Choose MiniMax M2.7 when reasoning depth are central to the workload. Choose Qwen3.5-9B when long-context analysis, larger context windows, and lower input-token cost are more important. For production, rerun your own prompts through the exact provider, region, and tool stack you plan to ship.

FAQ

Which has a larger context window, MiniMax M2.7 or Qwen3.5-9B?

Qwen3.5-9B supports 262K tokens, while MiniMax M2.7 supports 205K tokens. That gap matters most for long documents, large codebases, retrieval-heavy agents, and conversations where earlier context must remain visible. Use this as a quick comparison signal, then confirm the provider-specific limits before committing to production.

Which is cheaper, MiniMax M2.7 or Qwen3.5-9B?

Qwen3.5-9B is cheaper on tracked token pricing. MiniMax M2.7 costs $0.3/1M input and $1.2/1M output tokens. Qwen3.5-9B costs $0.1/1M input and $0.15/1M output tokens. Provider discounts or batch pricing can still change the final bill.

Is MiniMax M2.7 or Qwen3.5-9B open source?

MiniMax M2.7 is listed under Proprietary. Qwen3.5-9B is listed under Apache 2.0. License labels affect whether you can self-host, redistribute weights, or rely only on hosted APIs, so confirm the upstream license before deployment.

Which is better for vision, MiniMax M2.7 or Qwen3.5-9B?

Qwen3.5-9B has the clearer documented vision signal in this comparison. If vision is mission-critical, validate it against the provider endpoint because model-level support and API-level exposure can differ. Use this as a quick comparison signal, then confirm the provider-specific limits before committing to production.

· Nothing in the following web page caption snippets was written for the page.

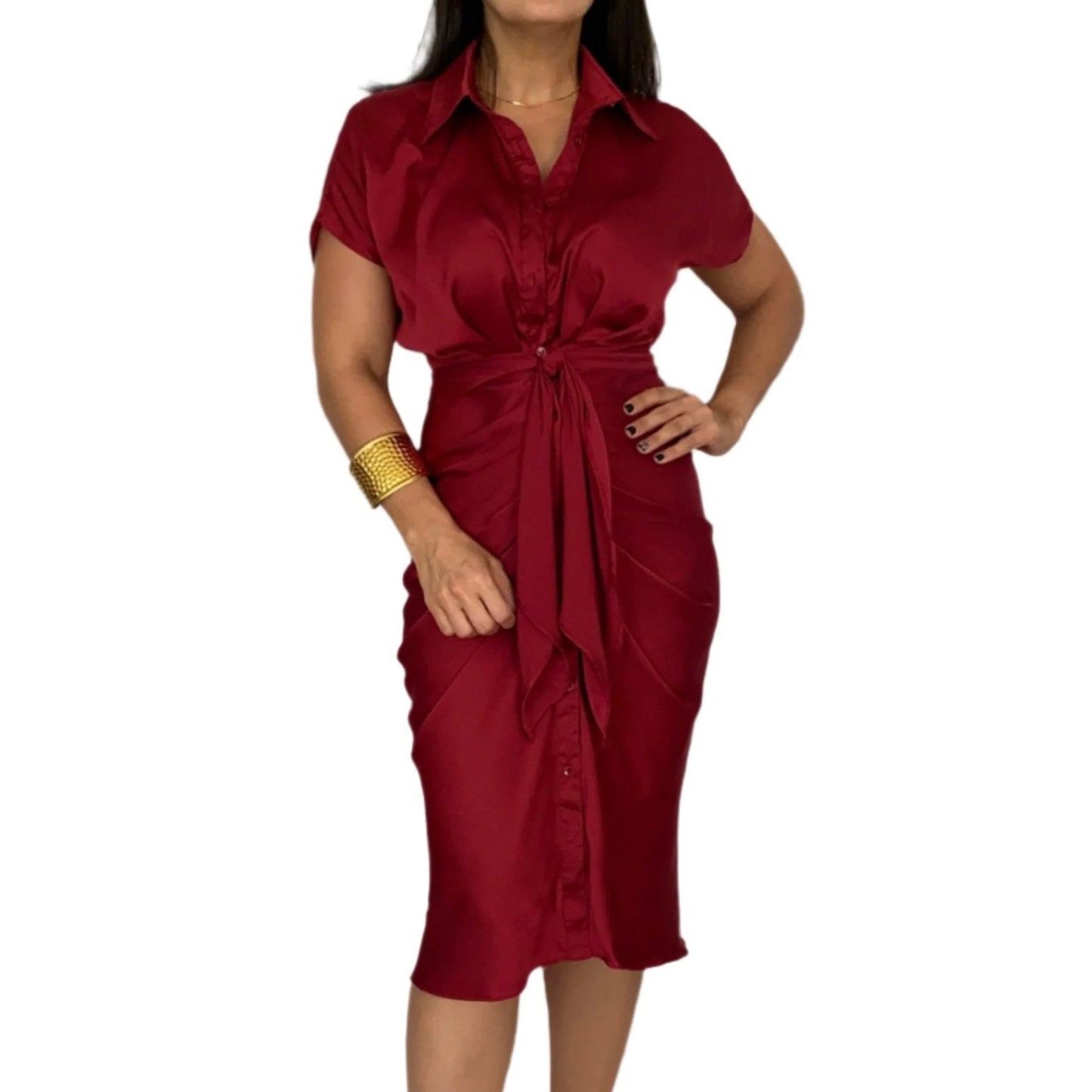 Button down front tie dress- Burgundy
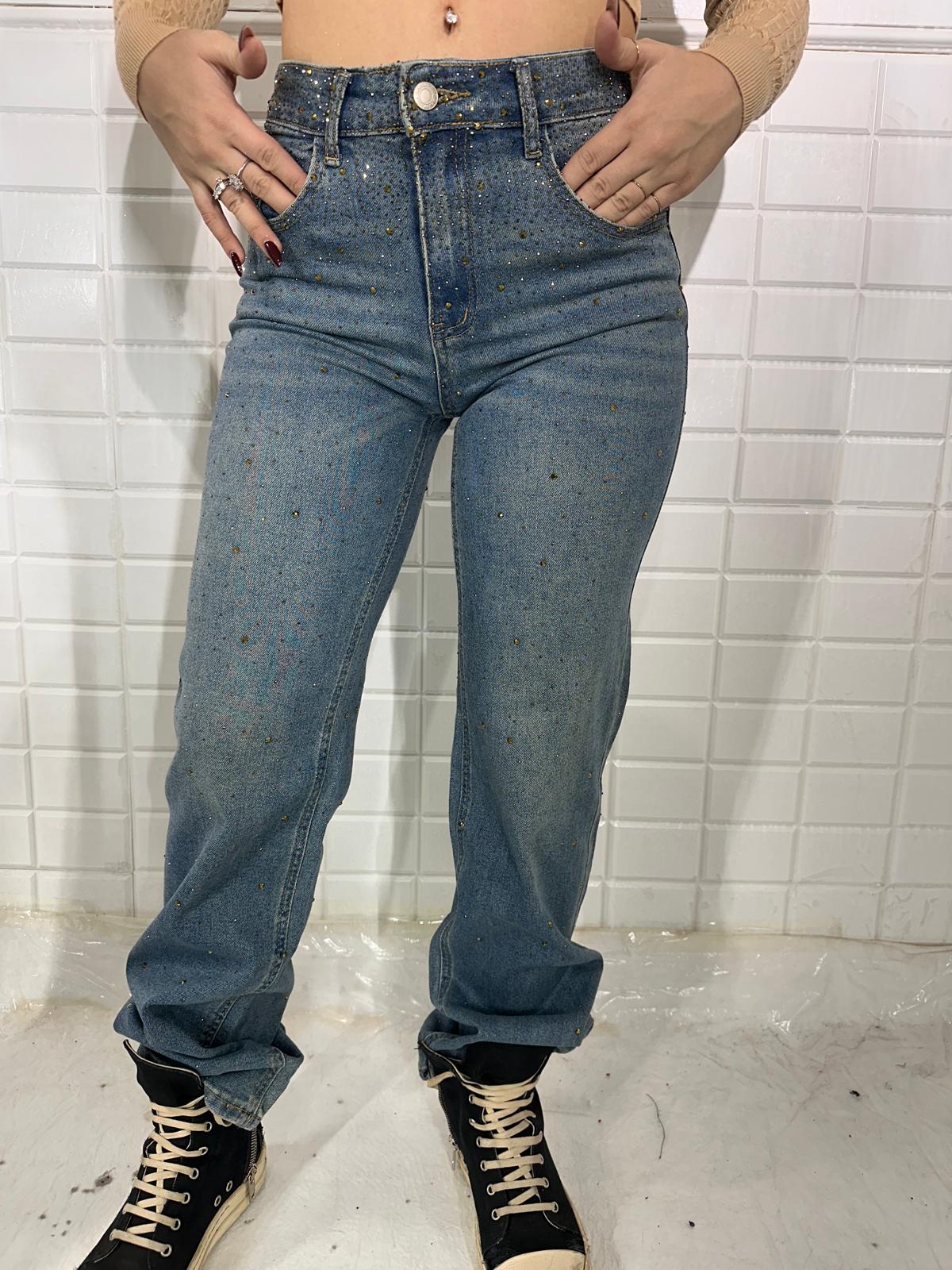Jeans denim borchie oro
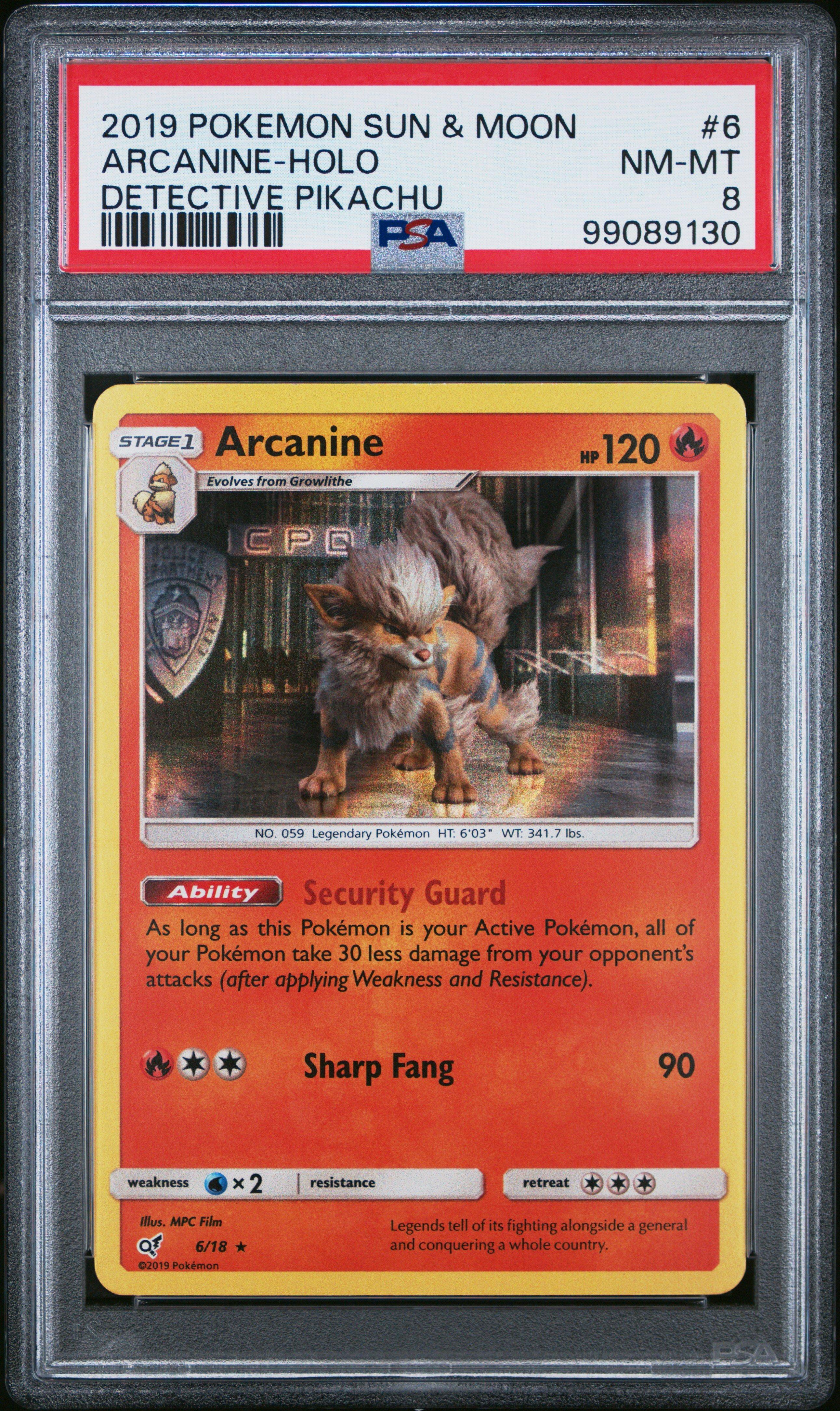 2019 Pokemon Sun & Moon Detective Pikachu 6 Arcanine-holo PSA 8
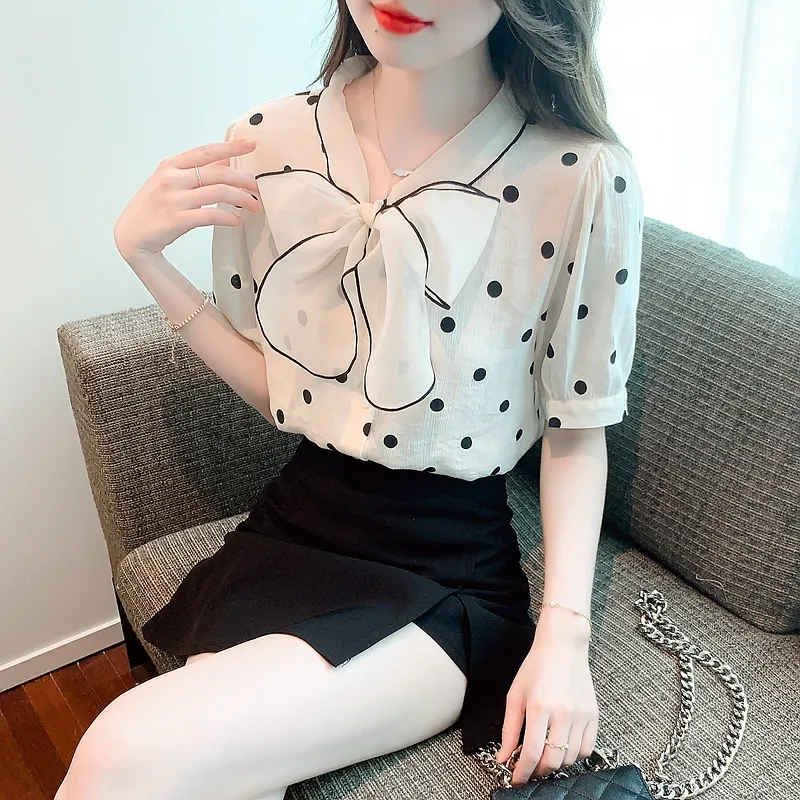 CZMO Shirts Women's Apricot Polka Dot-2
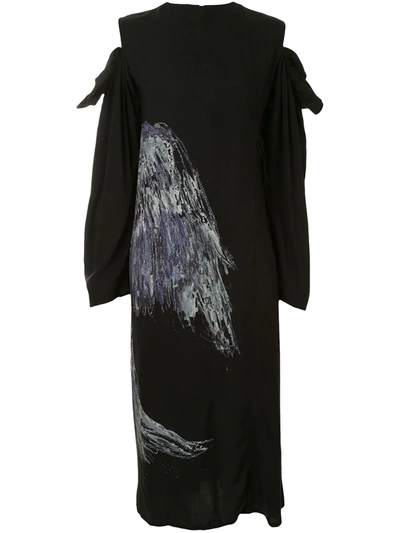 Shop Yohji Yamamoto Sketch Print Dress In Black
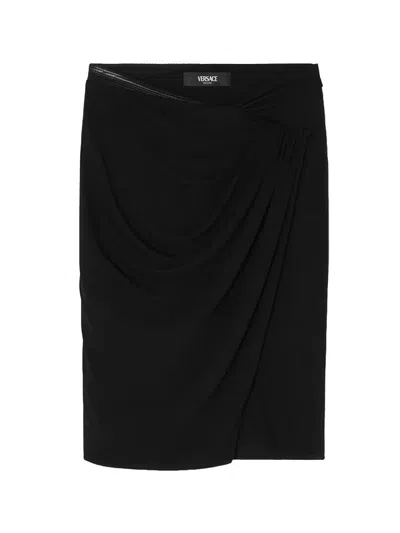 Versace Midi Skirt With Asymmetrical Hemline In Black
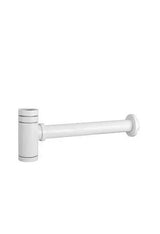 Round brass and zamak basin siphon 12x36 cm white Valaz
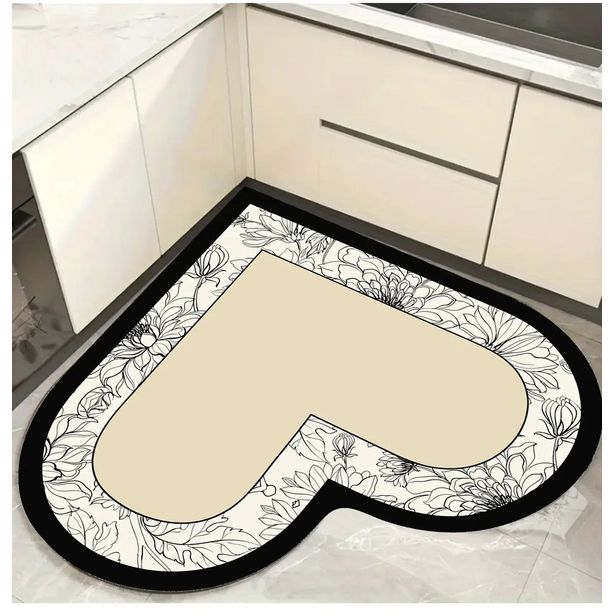 Matto Linento Jarta, beige, sydämenmuotoinen, eri kokoja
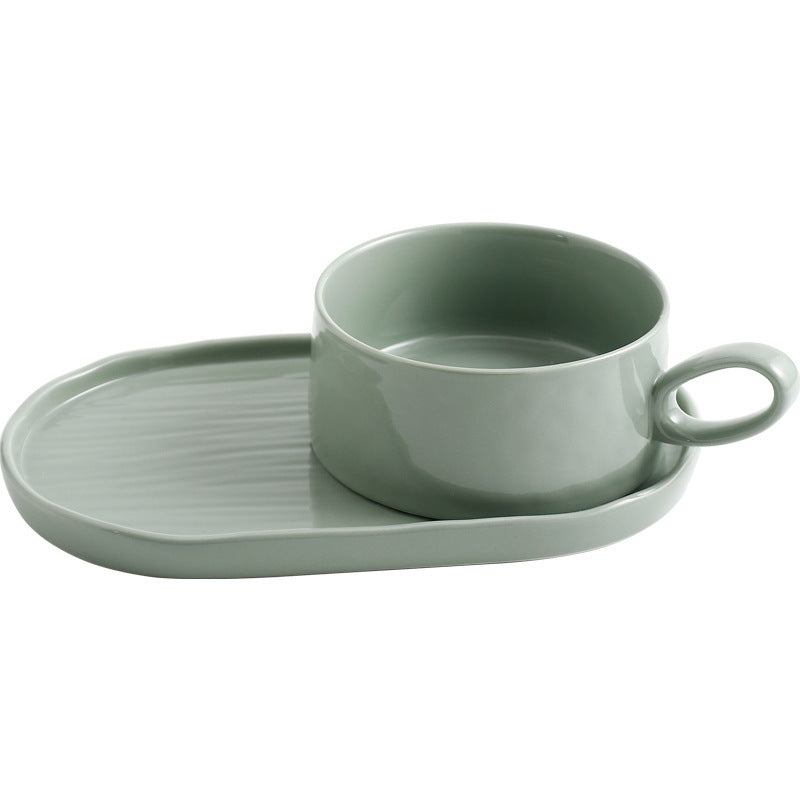 Breakfast Bowl Plate Set Cup And Saucer Salad With Handle Oatmeal Bowl Home Creative Tableware One Portion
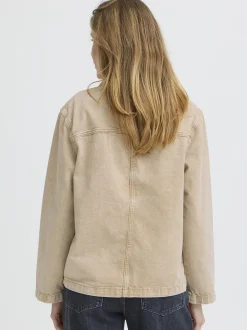 PULZ Jeans Damen Jeansjacke PZGIANNI in beige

Which is better for multimodal input, MiniMax M2.7 or Qwen3.5-9B?

Qwen3.5-9B has the clearer documented multimodal input signal in this comparison. If multimodal input is mission-critical, validate it against the provider endpoint because model-level support and API-level exposure can differ.

Where can I run MiniMax M2.7 and Qwen3.5-9B?

MiniMax M2.7 is available on OpenRouter and Fireworks AI. Qwen3.5-9B is available on Together AI, OpenRouter, and Alibaba Cloud PAI-EAS. Provider coverage can affect latency, region availability, compliance posture, and fallback options.

Continue comparing

Last reviewed: 2026-05-14. Data sourced from public model cards and provider documentation.